Extracted data section start

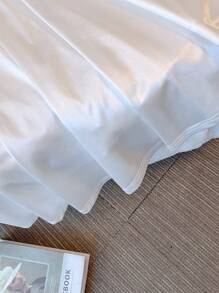 Chiquease 优雅白色短袖衬衫领系带 A 字裙，女士春夏连衣裙 - 白色 - 查看 7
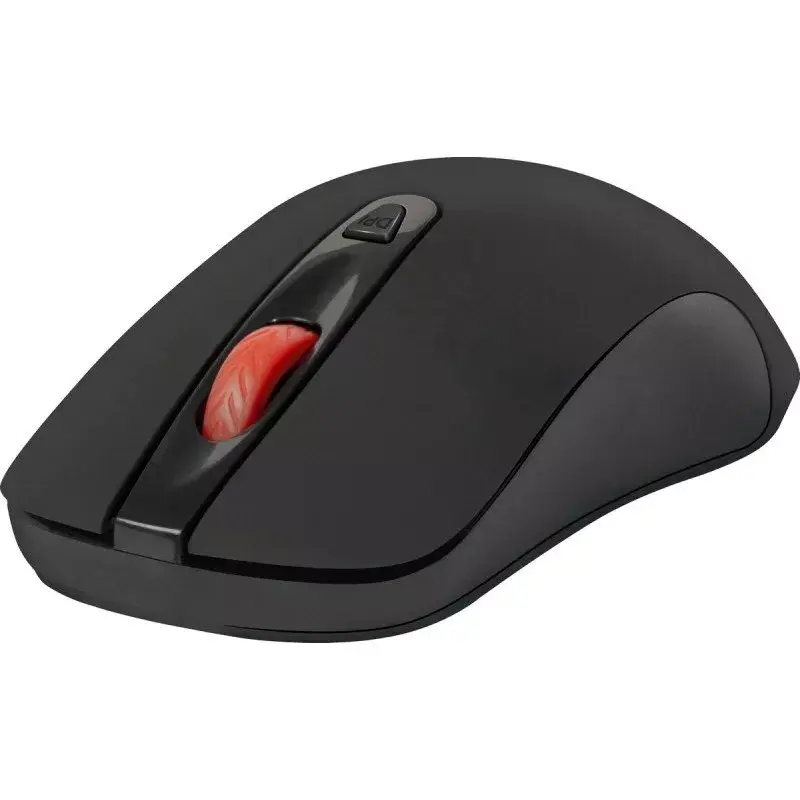 Belaidė RF tyli optinė pelė DEFENDER Nexus MS-195 — 1600 DPI, 2,4 GHz, Nano USB, abiem rankoms tinkama, 2×AAA, juoda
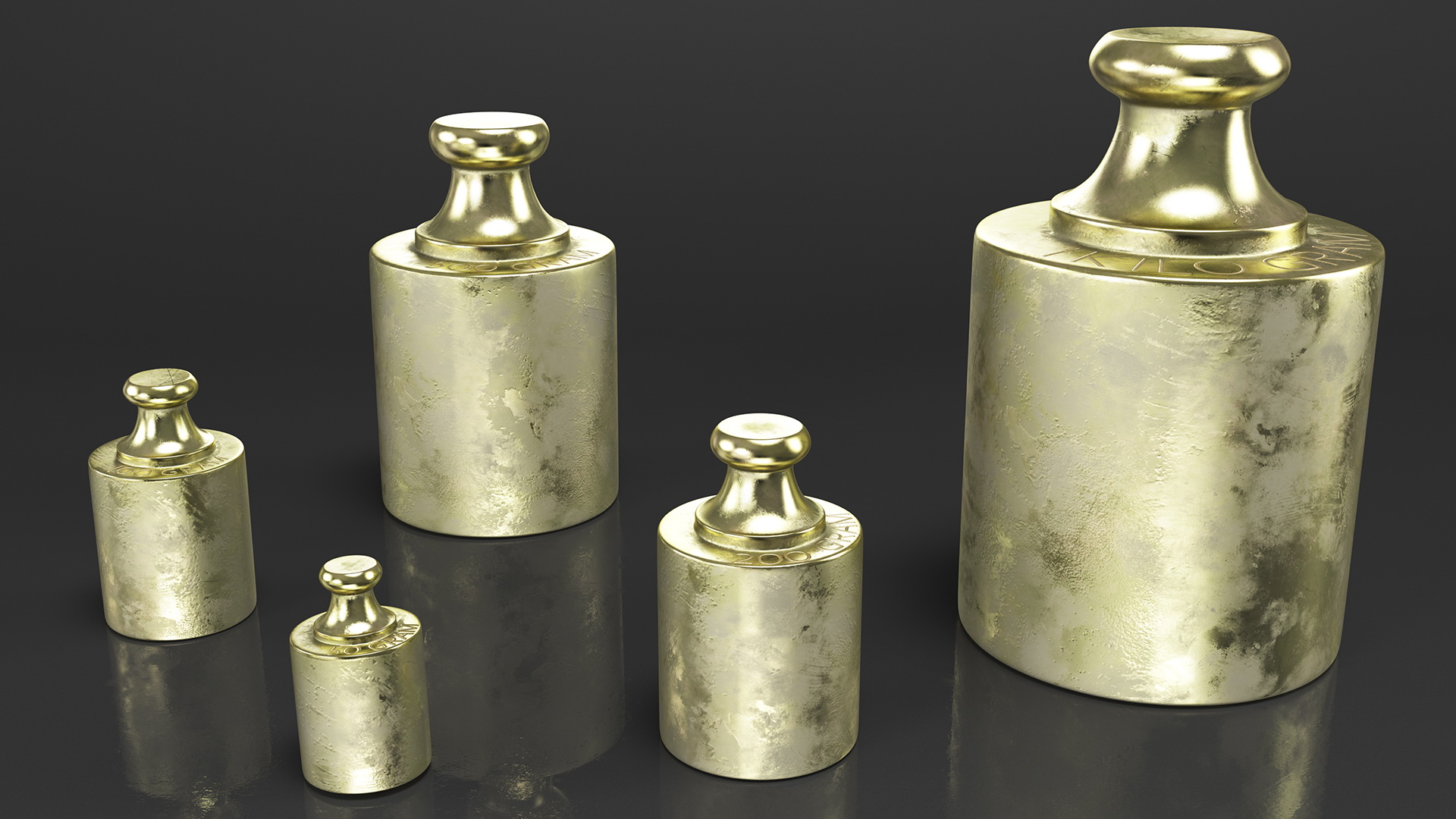 3D model Vintage Scale Weights Set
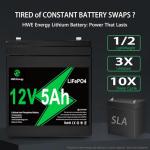 12V 5Ah Rechargeable Lithium Battery for Various Uses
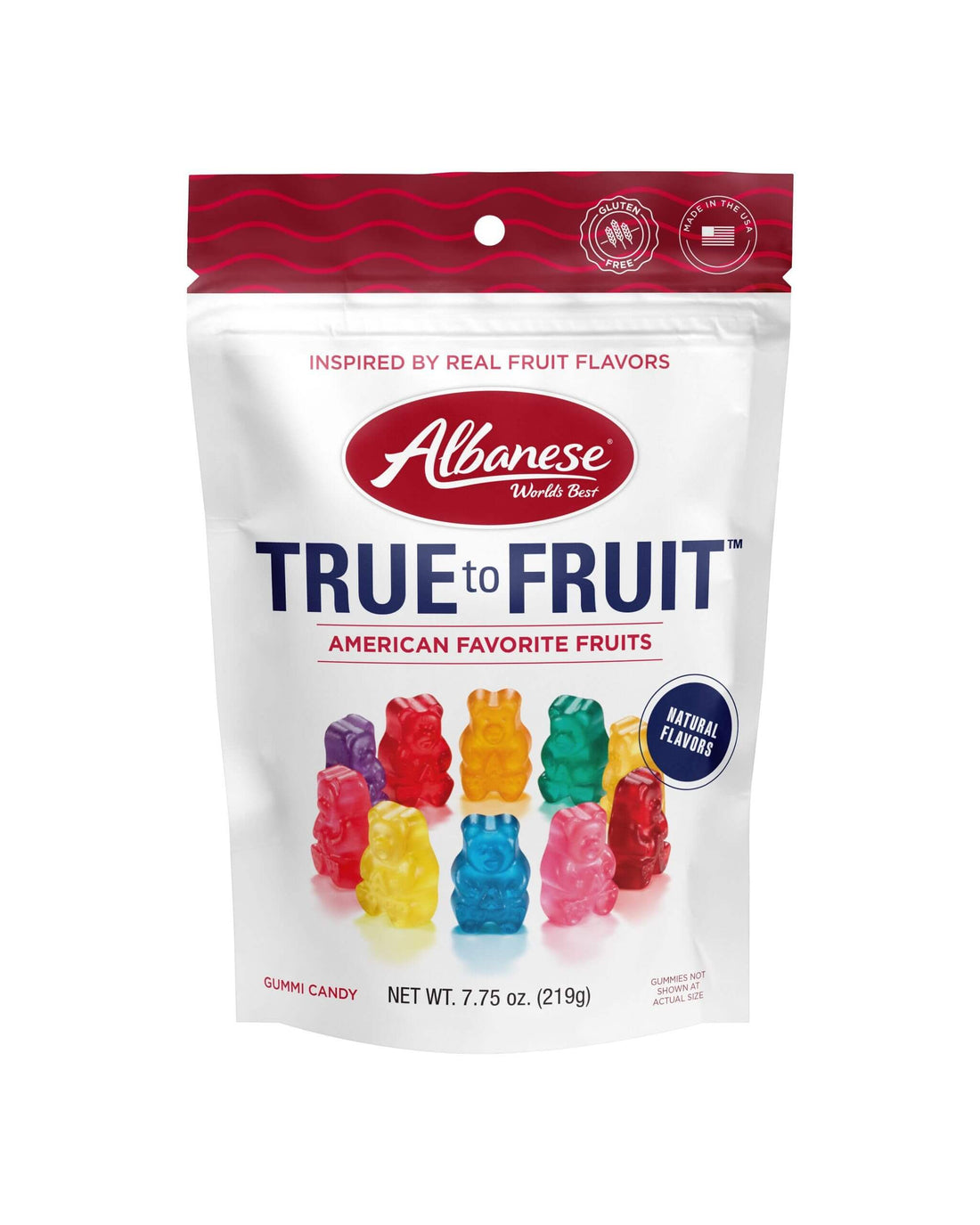 Albanese Gummy Bears in a 7.75oz bag showcasing colorful gummy candy inspired by real fruit flavors.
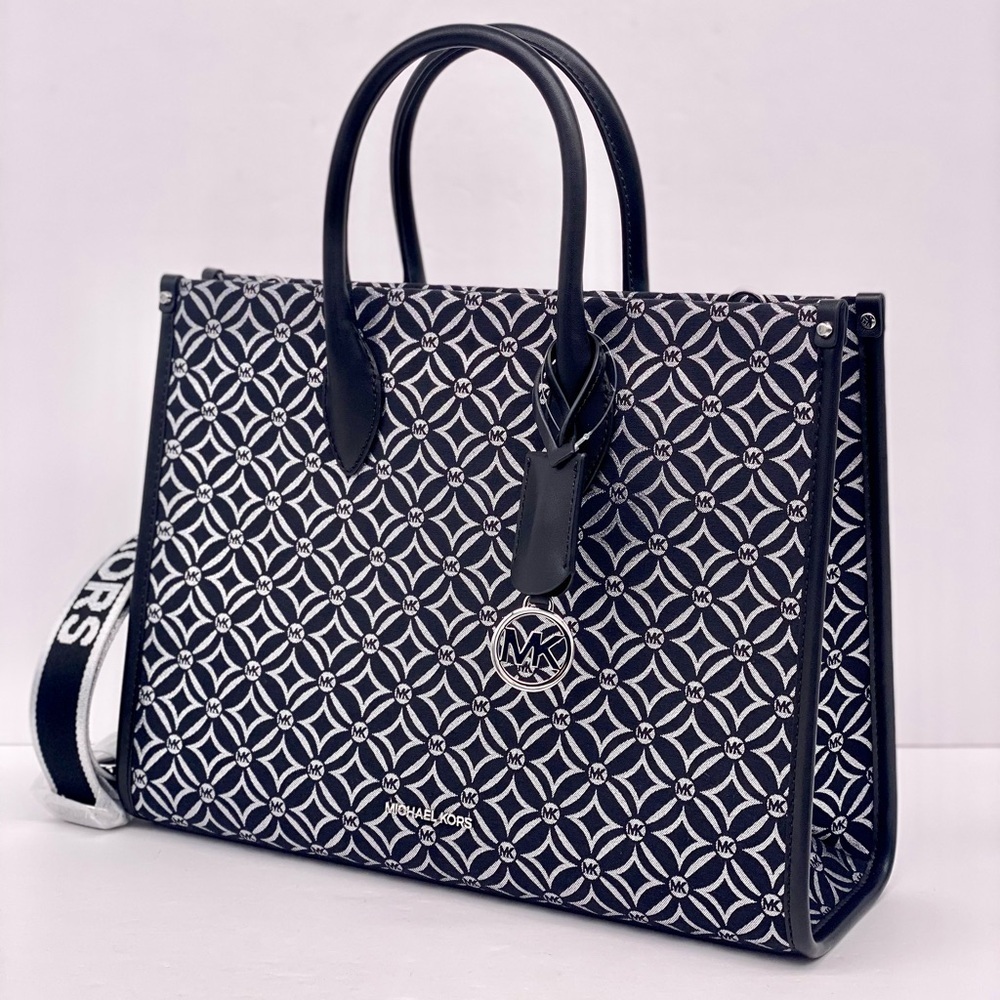 Michael Kors Mirella Medium Metallic Logo Jacquard Tote Bag - Picture 2 of 10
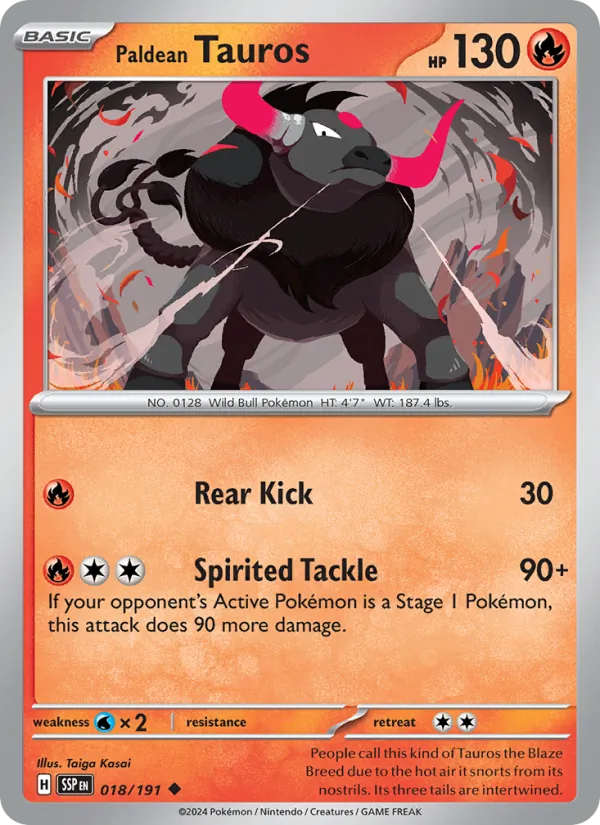 Paldean Tauros, Surging Sparks No. 018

Extracted data section end

Task directions
Working from the entries above, please transcribe only the lines from the line with "12V 5Ah Rechargeable" through the line with "Michael Kors Mirella", exactly, with both end lines and without pictures.

Response to this task
 12V 5Ah Rechargeable Lithium Battery for Various Uses
 Albanese Gummy Bears in a 7.75oz bag showcasing colorful gummy candy inspired by real fruit flavors.
 Michael Kors Mirella Medium Metallic Logo Jacquard Tote Bag - Picture 2 of 10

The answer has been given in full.